The present invention was made under these circumstances explained above, and objects of the present invention are to provide a glass substrate which enables to manufacture a FPD in keeping cost low and in efficient, and to provide an efficient manufacturing method of a glass substrate.

SUMMARY

To solve the above described subject matter, the present invention adopts a below described structures shown in embodiments which correspond to figures. However, each reference sign with parentheses, which indicates each element, is only an exemplification and it does not limit each element.
A first aspect of the present invention provides a glass substrate whose surface has an asperity of a height in the range from 10 nm to 20 nm and of a period in the range from 0.1 mm to 1 mm.
According to the glass substrate of the first aspect, it is possible to satisfy stabilization of contact and preventing generation of the static electricity simultaneously.
A second aspect of the present invention provides a glass substrate whose surface has an asperity of a height in the range from 15 nm to 20 nm and of a period in the range from 0.1 mm to 0.6 mm.
According to the glass substrate of the second aspect, it is possible to satisfy stabilization of contact and preventing generation of the static electricity simultaneously.
A third aspect of the present invention provides a method for manufacturing a glass substrate by fusion process, the method comprising the steps of; flowing fused glass (G) into a fusion pipe (1), and gradually cooling and solidifying the fused glass (G) by flowing downward from the fusion pipe (1), wherein forming an asperity on a surface of the glass substrate by depositing particles (GB) on a surface of the fused glass (G).
According to the method for manufacturing the glass substrate of the third aspect, it is possible to manufacture the glass substrate, which satisfies stabilization of contact and preventing generation of the static electricity simultaneously.
A fourth aspect of the present invention provides a method for manufacturing a glass substrate by fusion process, the method comprising the steps of; flowing fused glass (G) into a fusion pipe (1), and gradually cooling and solidifying the fused glass (G) by flowing downward from the fusion pipe (1), wherein forming an asperity on a surface of the glass substrate by colliding particles against the glass flowing down from the fusion pipe (1) from a side direction.
According to the method for manufacturing the glass substrate of the fourth aspect, it is possible to manufacture the glass substrate, which satisfies stabilization of contact and preventing generation of the static electricity simultaneously.
A fifth aspect of the present invention provides a method for manufacturing a glass substrate by fusion process having the following steps; flowing fused glass (G) into a fusion pipe (1), and gradually cooling and solidifying the fused glass (G) by flowing downward from the fusion pipe (1), wherein forming asperity on a surface of the glass substrate by fastening and pressing the glass (GP) toward a direction of thickness of the glass with a pair of transfer rollers (16A and 16B) during the glass is flowing down from the fusion pipe.
According to the method for manufacturing the glass substrate of the fifth aspect, it is possible to manufacture the glass structure, which satisfies stabilization of contact and preventing generation of the static electricity simultaneously.
A sixth aspect of the present invention provides a method for manufacturing a glass substrate by fusion process, the method comprising the steps of, flowing fused glass (G) into a fusion pipe (3), overflowing the fused glass (G) toward two directions of the fusion pipe (3) and flowing the fused glass (G) along two side surfaces (36 and 37) of the fusion pipe (3), joining the fused glass at a blade portion (33) which is a bottom end of the fusion pipe (3), and gradually cooling and solidifying the fused glass (G) by flowing downward from the blade portion (33), wherein forming an asperity on a surface of the glass substrate by periodically changing a temperature difference between the two side surfaces (36 and 37) of the fusion pipe (3).
According to the method for manufacturing the glass substrate of the sixth aspect, it is possible to manufacture the glass structure, which satisfies stabilization of contact and preventing generation of the static electricity simultaneously.

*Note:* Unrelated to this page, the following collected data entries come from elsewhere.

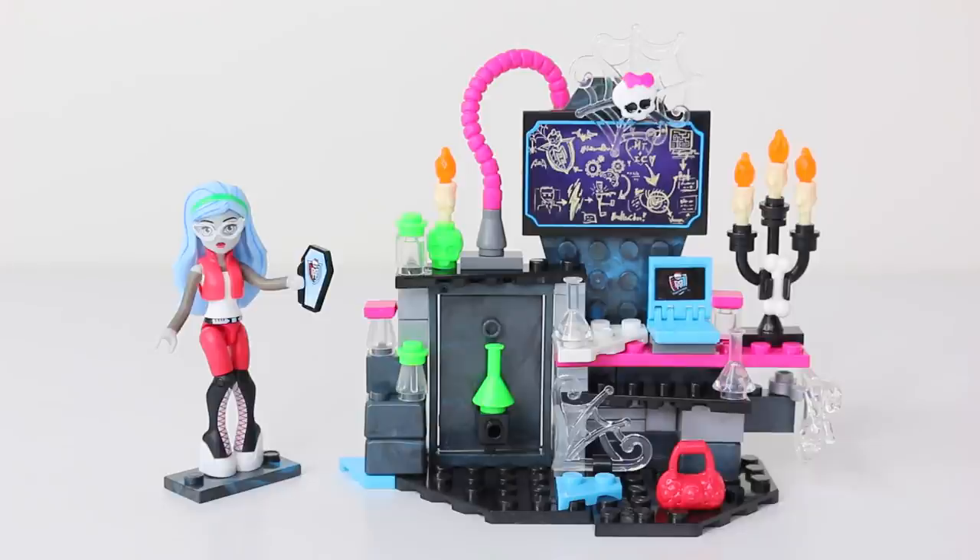That's the end of my review for Ghoulia's Creeperific Lab from Mega Bloks. Leave me a comment below if you are going to be getting this for your collection. Until next time, thank you again for watching. Love you guys, and I look forward to seeing you same place same time tomorrow.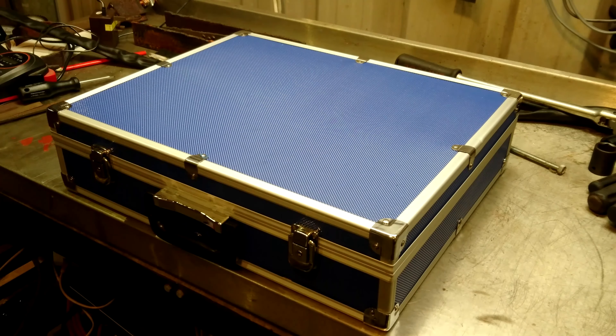I've gone ahead and ordered a new tool for the shop. It's an induction heater. This one's from AliExpress.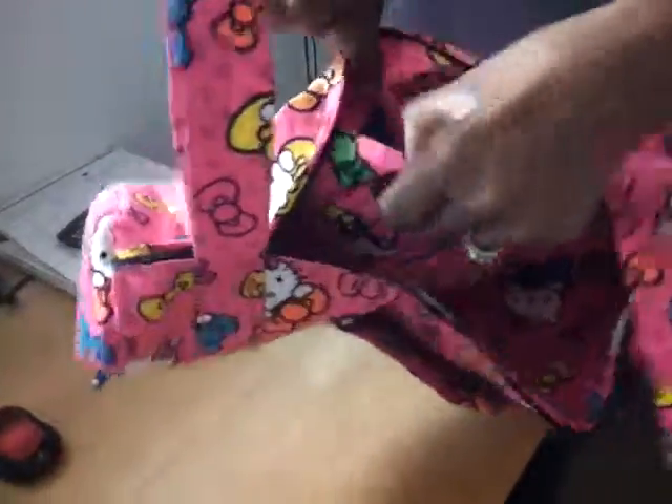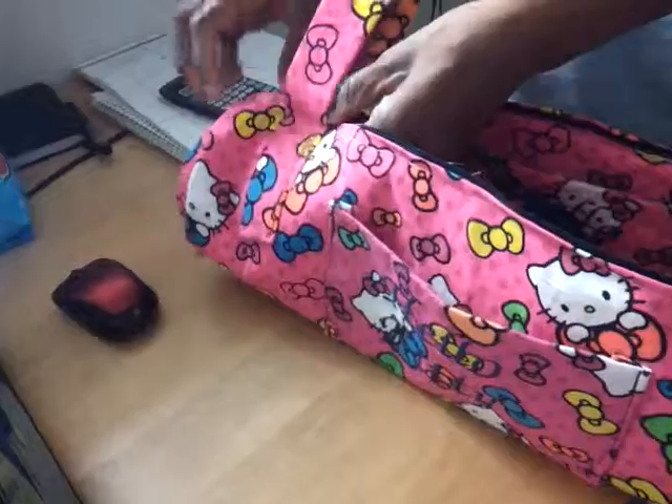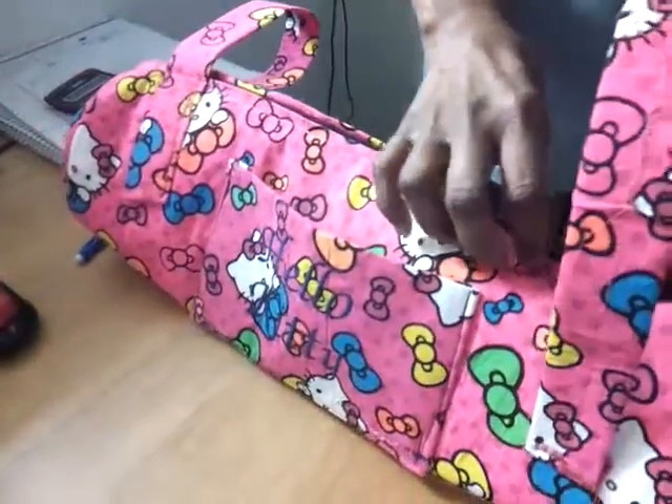I made another pocket inside that says Hello Kitty, and just the other side of it. I had a hard time. I think I did things back here. Still learning how to do zippers.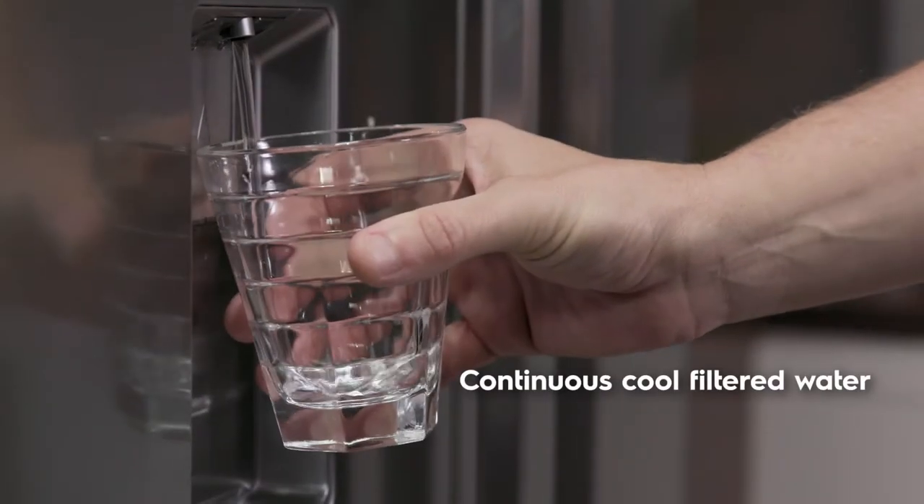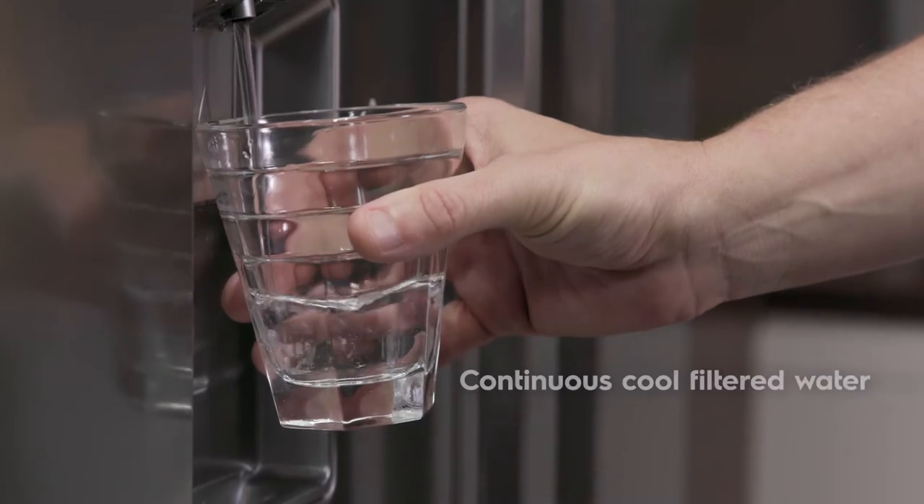Plus you can enjoy ice and continuous cool filtered water at the touch of a button. The innovative water tubings integrate at the top of the fridge to maximise interior space.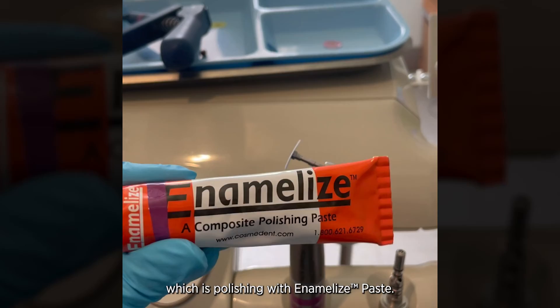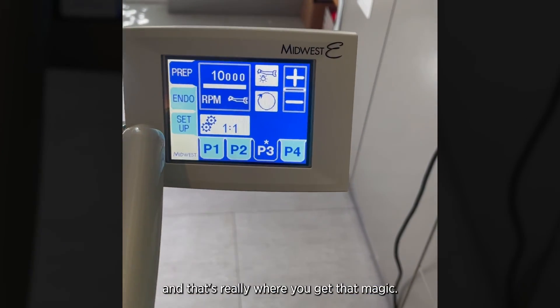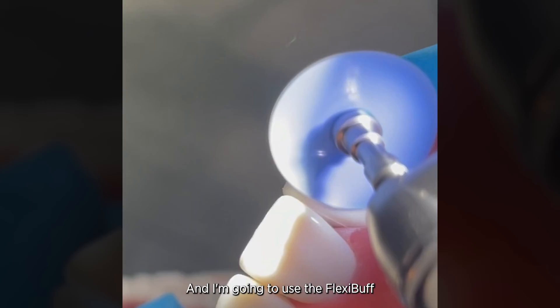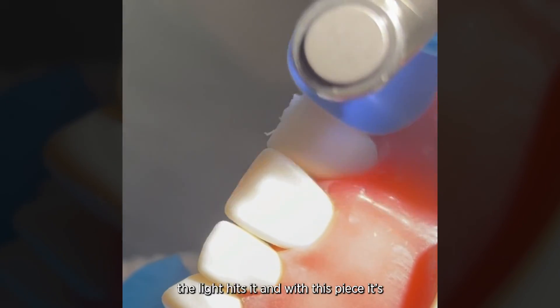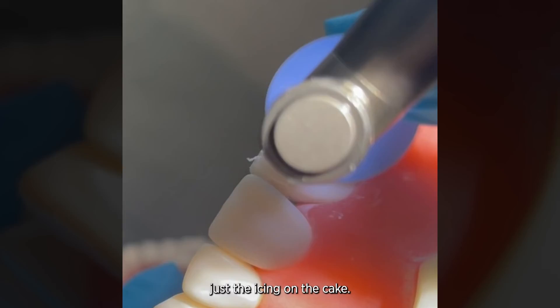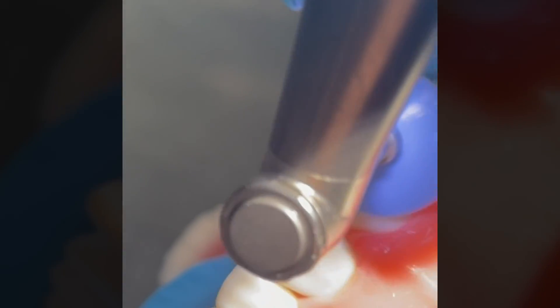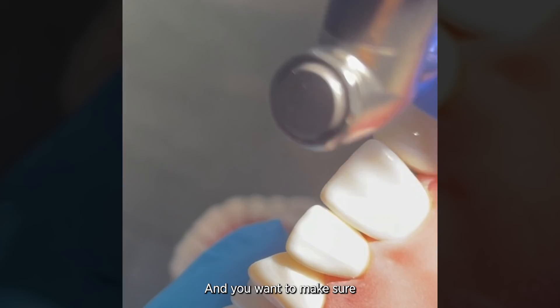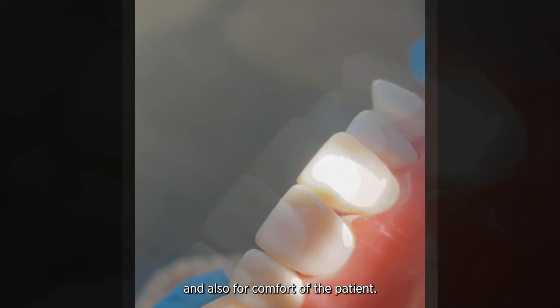Now we're going to do the final step, which is polishing with Enamelized paste. This is an aluminum oxide paste and I'm going to pair it with my flexi buff disc — a disc that has felt on the bottom. I put a little bit of the paste on the tooth (less is more) and I'm going to use my flexi buff disc at about 10,000 to 15,000 RPMs, using pressure to get my final polish. Just like the flexi disc, the flexi buff disc also gets into every nook and cranny, and you want to make sure everywhere is highly polished for a long-lasting restoration and for patient comfort.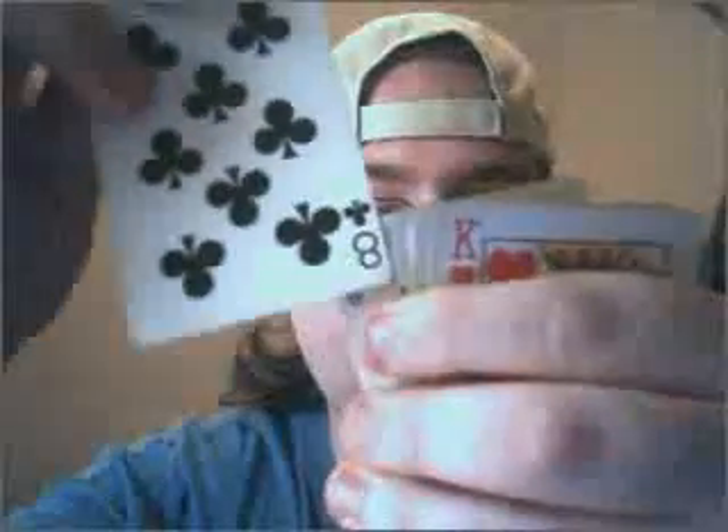Now I'm going to stick this one right here. See this joker right here? See the joker right there? I'm going to place this card right in there along with behind that joker. See how the eight is behind the joker.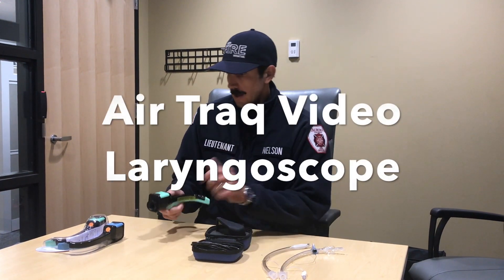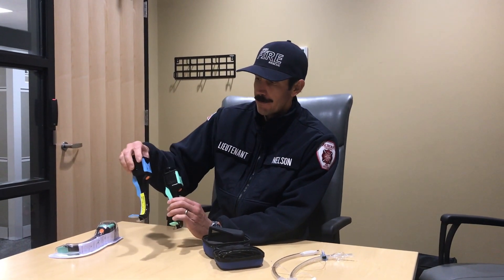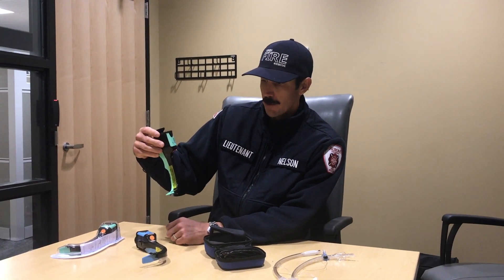Today we're talking about our new AirTrack intubation equipment. It's comprised of two primary components. You have your actual blade — these are disposable blades that come in two sizes. This particular blue blade runs a tube from 7.0 to 8.5, and the green blade covers 6.0 to 7.5.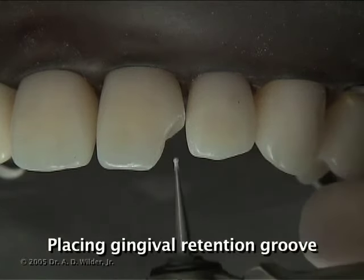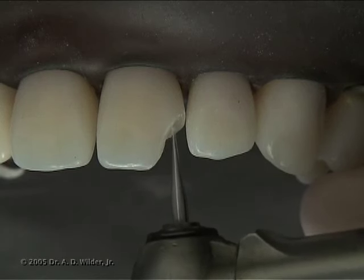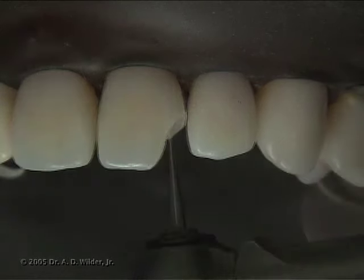A gingival retention groove is generally recommended to provide resistance to proximal displacement of the restoration. This is usually done with a small quarter-round bur used to create a shallow 0.25mm groove just inside the dentin-enamel junction.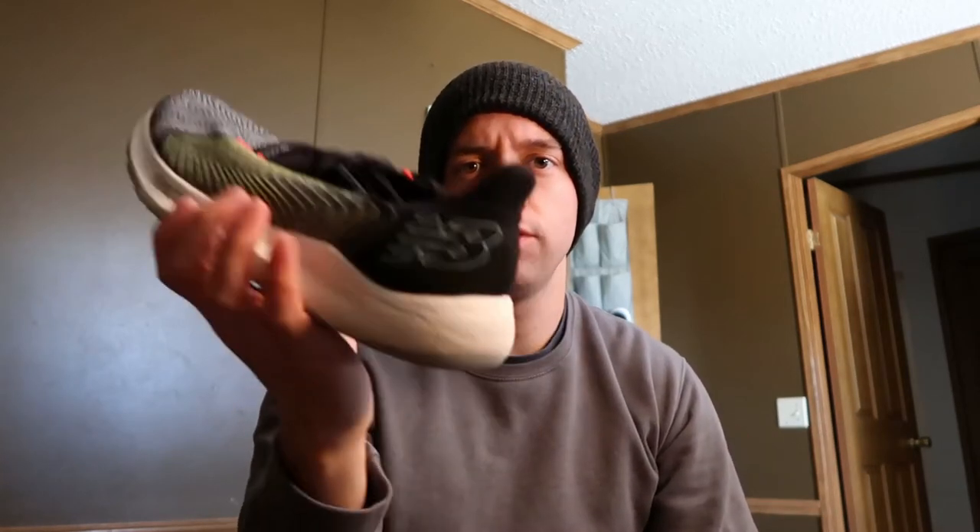Hey guys, what's up? Team Natty back here again. Today we're going to be talking about the New Balance Fuel Cell Rebel.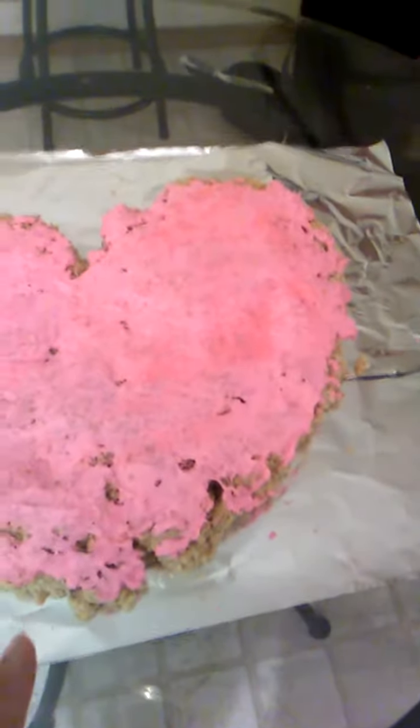Taste it — final rice crispy taste test. Mmm, I like it! How do you like it? It's good. If y'all think it's good, thumbs up this video. Don't forget to subscribe and turn on our post notifications. See you next time.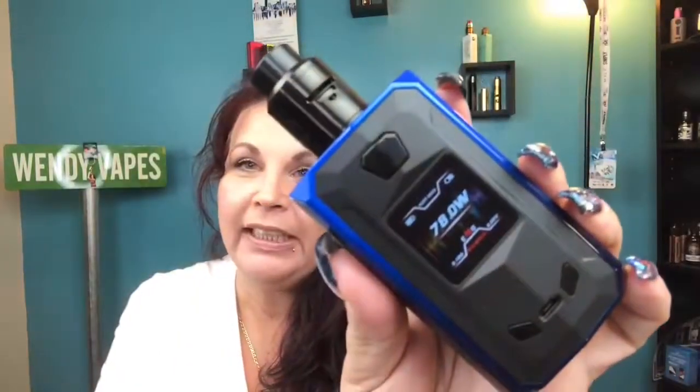Hi everybody, welcome back. Today we're going to be taking a look at the Mach 1 kit by USV Official. This is a dual 18650 mod — it doesn't come with the batteries — but it does go up to 240 watts and it is a squonk mod. There's your squonk bottle. It does come with the RDA and the mod, which is nice if you're looking for a whole kit.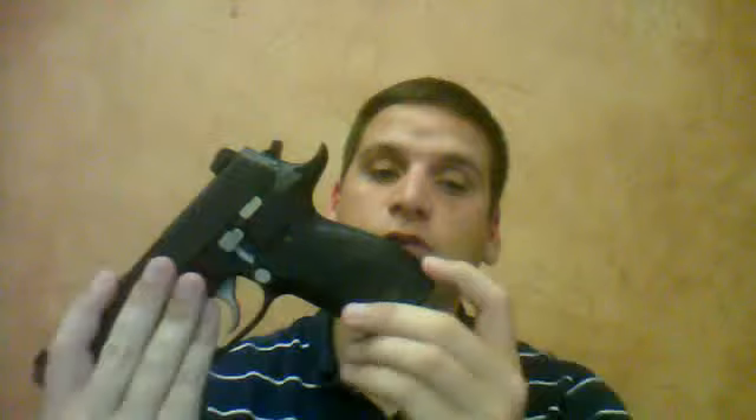You get a nice beaver tail grip as well, which gives you a real nice hold on the gun. It also has a little bit more of an enhanced grip on the butt, which gives you a little bit better grip on it.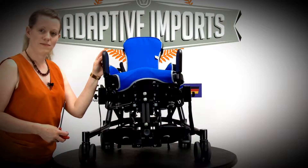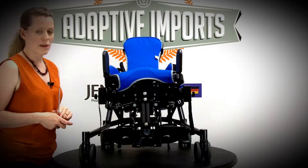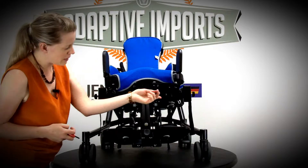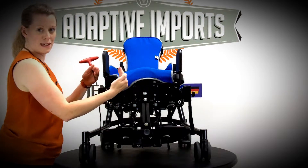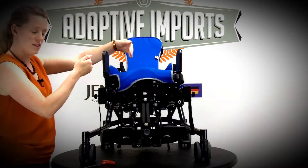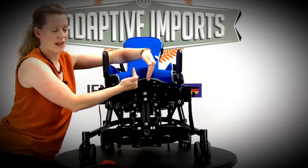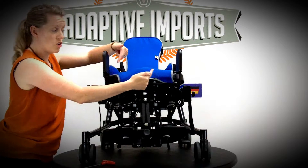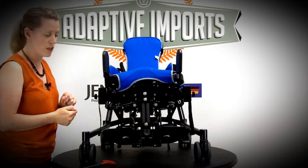The leg control system at the moment is set up to control adduction. You can control the amount of adduction by loosening these screws underneath here and sliding the pads in or out. You can also remove these pads and switch them round, placing them in the middle so that you can control adduction there. Or you can put two sets on either side and really channel the child's legs where you want them to go.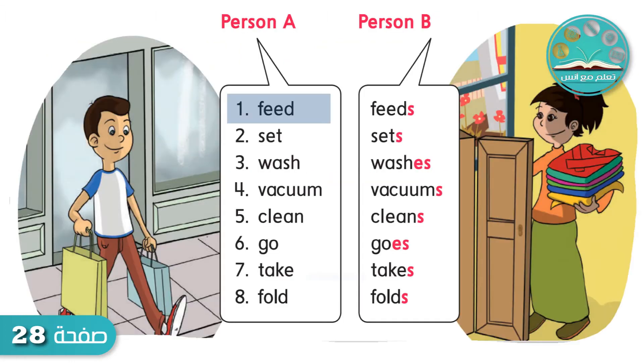Feed. Feeds. Set. Sets. Wash. Washes. Vacuum. Vacuums.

BRIEF DESCRIPTION OF THE DRAWINGS

FIG. 1 is a conceptual figure showing a glass substrate manufacturing by fusion process according to the first embodiment of the present invention.
FIG. 2 is a conceptual figure showing a glass substrate manufacturing by fusion process according to the first embodiment of the present invention.
FIG. 3 is a conceptual figure showing a glass substrate manufacturing by fusion process according to the second embodiment of the present invention.
FIG. 4 is a conceptual figure showing a glass substrate manufacturing by fusion process according to the third embodiment of the present invention.
FIG. 5 is a conceptual figure showing transfer rollers, which is used for a glass substrate manufacturing, by fusion process according to the third embodiment of the present invention.
FIG. 6 is a conceptual figure showing a glass substrate manufacturing by fusion process according to the fourth embodiment of the present invention.
FIG. 7 is a conceptual figure showing a fusion pipe, which is used for a glass substrate manufacturing, by fusion process according to the fourth embodiment of the present invention.
FIG. 8 is a conceptual figure showing a fusion pipe, which is used for a glass substrate manufacturing, by fusion process according to a prior art.
FIG. 9 is a conceptual figure showing a glass substrate manufacturing by fusion process according to a prior art.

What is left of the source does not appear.